Did you feel sorry for any of your characters as you tortured them on the page?
When I consider this question, the first character that comes to mind is Brac. I don’t want to spoil anything major, but I took one of my simplest characters and threw him into a very messy situation—much of which is his own fault, some of which is the result of manipulation. I feel terrible for him. I feel terrible for the mess I’ve gotten him into, and when I finished Raider, I wondered what in the world I was going to do with this poor boy. I left many of my characters in bad spots at the end of Raider, and he’s near the top of that list.

What was the most difficult aspect of world building for The Weaver Trilogy?
It’s always a challenge to take the world I imagine and try to convey it on the page without dumping information on the reader. Sometimes I get questions from readers about an aspect of world building (usually the magic system), and part of me wants to drop a Wikipedia entry about how the magic works in the middle of the story so everyone’s questions are thoroughly addressed.
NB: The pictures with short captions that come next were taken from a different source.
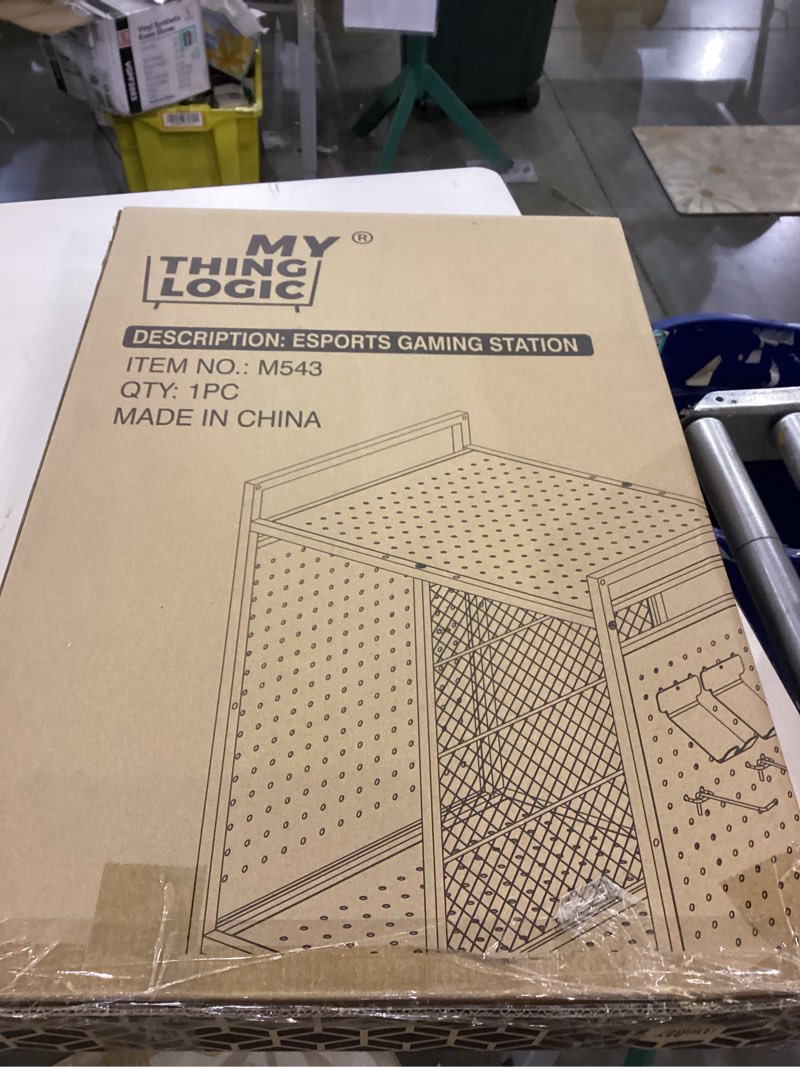 https://lotting-media.assets.bidfta.com/lotting_5105686f-d281-4f86-a884-70fa8735aa5d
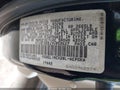 Photo 9 of 16 — 2000 Toyota Avalon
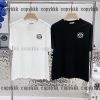 loewe 半袖 ブランド コピー 後払い 通販 - dsyya75358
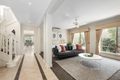 Property photo of 43 Knightsbridge Avenue Nunawading VIC 3131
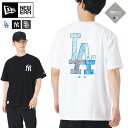 j[G TVc  NEW ERA N[lbN ؍  Ap NY LA MLB j[[N L[X    Rbg Y fB[X uh   lC I[o[TCY t  j[G[ Ki 傫  TCY jZbNX jp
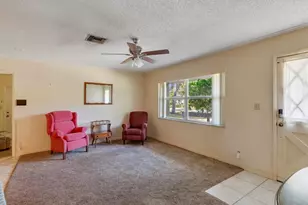 3105 Atlantic Blvd, Vero Beach, FL 32960 - Photo 26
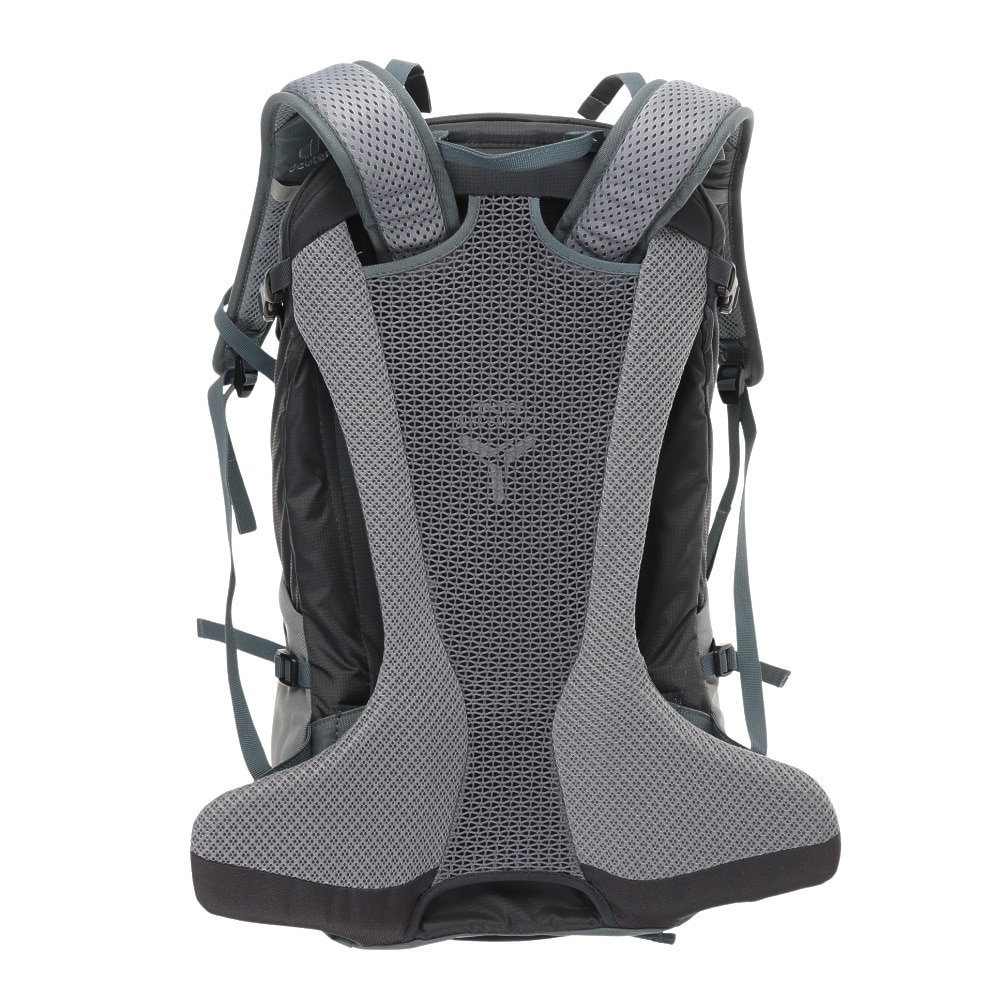 ドイター（deuter）（メンズ、レディース）バッグ リュック フューチュラ 23 D3400121-4409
That would be bad writing, of course, so I won’t do that. But finding the balance between including enough information and doing so in a way that doesn’t bog down the story is really challenging, especially when you’re writing fantasy.

Describe one of the main settings and why you chose it for the story.
At the core of Tanwen’s character has always been that she’s a simple farm girl. She has big dreams, lots of talent, and the desire to see and do and be more. But the fact is, she was shaped by her upbringing in a small town. The ideologies of that small-town culture are at the center of who she is, even if she can’t see the value in that at the beginning of The Story Peddler (incidentally, this is one of my favorite things about Tanwen and Mor’s relationship in the first book—he’s the one who tells her to embrace who she is, small town and all, even as she chases her dreams). So I had a lot of fun taking my small-town girl and bringing her to exotic locations in The Story Raider. I love each of my new settings for different reasons, but I probably love the culture and history of Meridione the most. For Meridione, I drew upon my Italian heritage and several other cultures for my source material. One of the most fun scenes for me to write was when I took my Eastern Peninsula farm girl and plunked her down into a rough pub on the west coast of Tir. She orders tea.
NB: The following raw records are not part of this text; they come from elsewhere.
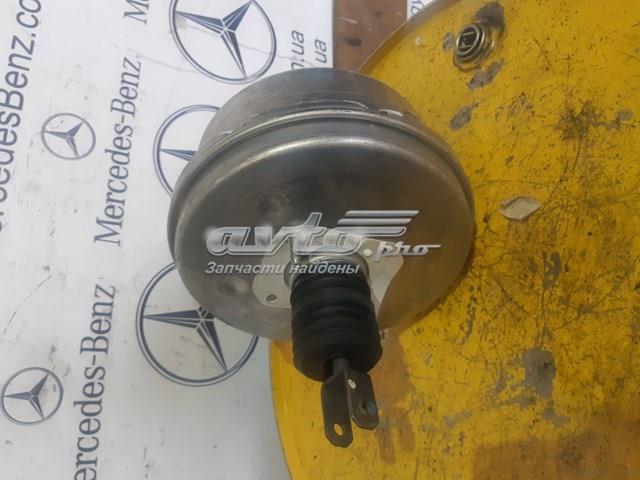 A1664301230 Mercedes 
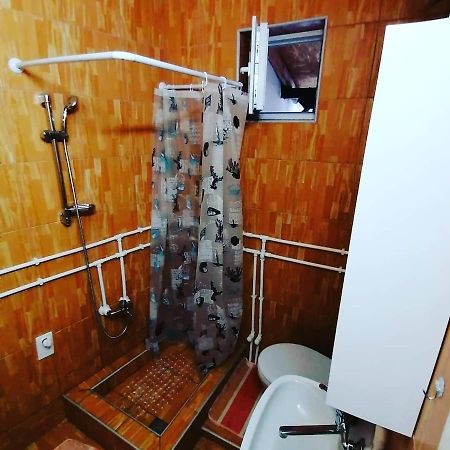 Apartman Ivona Ovcar Banja Zewnętrze zdjęcie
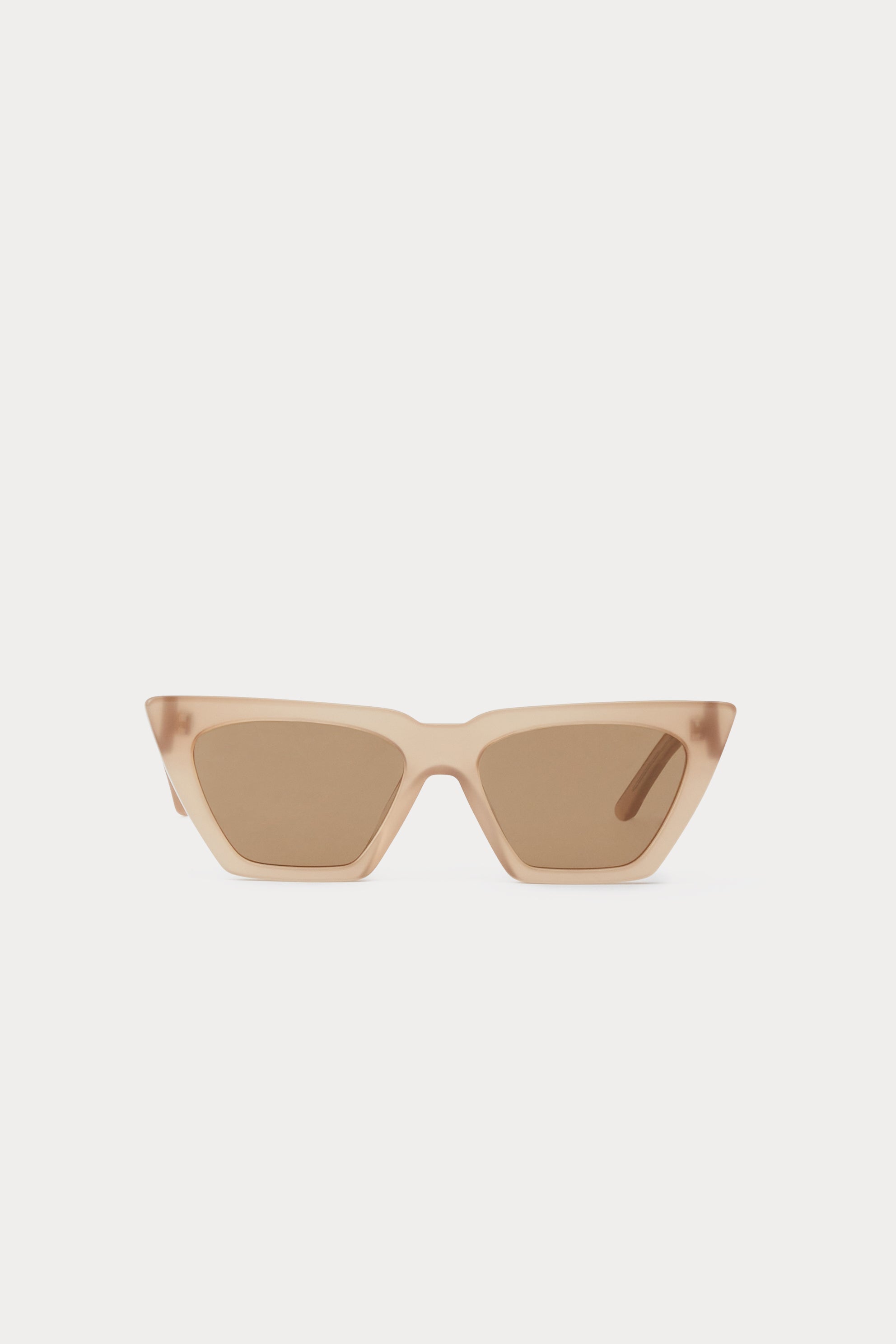 Modan Sunglasses - Rachel Comey Fine Craftsmanship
What was your favorite part of putting this project together?
Coming back to these characters I love was so fun for me. I started my first draft of The Story Peddler in 2013, and while I had worked on it a lot in the years between the first draft and the release in 2018, The Story Raider was the first time I got to work with all-new material in ages. That was very refreshing, artistically.

Without giving the plot away, tell us a scene in The Story Raider that you’d love to see play out in a movie.
There are two battles in Raider that I would love to see play out in a movie—specifically the one that takes place aboard ship. I won’t say more than that, but it’s a very emotional sequence that I think would be visually stunning. Also, the introduction of a new-in-Raider character. We meet her on an island, and she’s a fascinating, tragic character for me. I would love to see her onscreen.

How awesome was it to win the 2019 Realm Award Book of the Year for The Story Peddler?
I was…beyond shocked. I still have no words!

As a freelance editor, what are some common mistakes or missteps you see in client submissions?
Too much telling—where the manuscript reads like a biography of the main character rather than a novel. Then there’s a stage where writers (myself included) learn about showing and telling and sometimes over-show. Where one quick line of narrative summary would suffice to keep the story moving, and instead we get a beat-by-beat description of a scene that doesn’t move the story along. Finding the balance between show and tell takes practice and sometimes a little coaching.

What writing projects are you working on now?
The third book in The Weaver Trilogy is complete and with my editor right now. The title is The Story Hunter, and it’s scheduled for release in May 2020.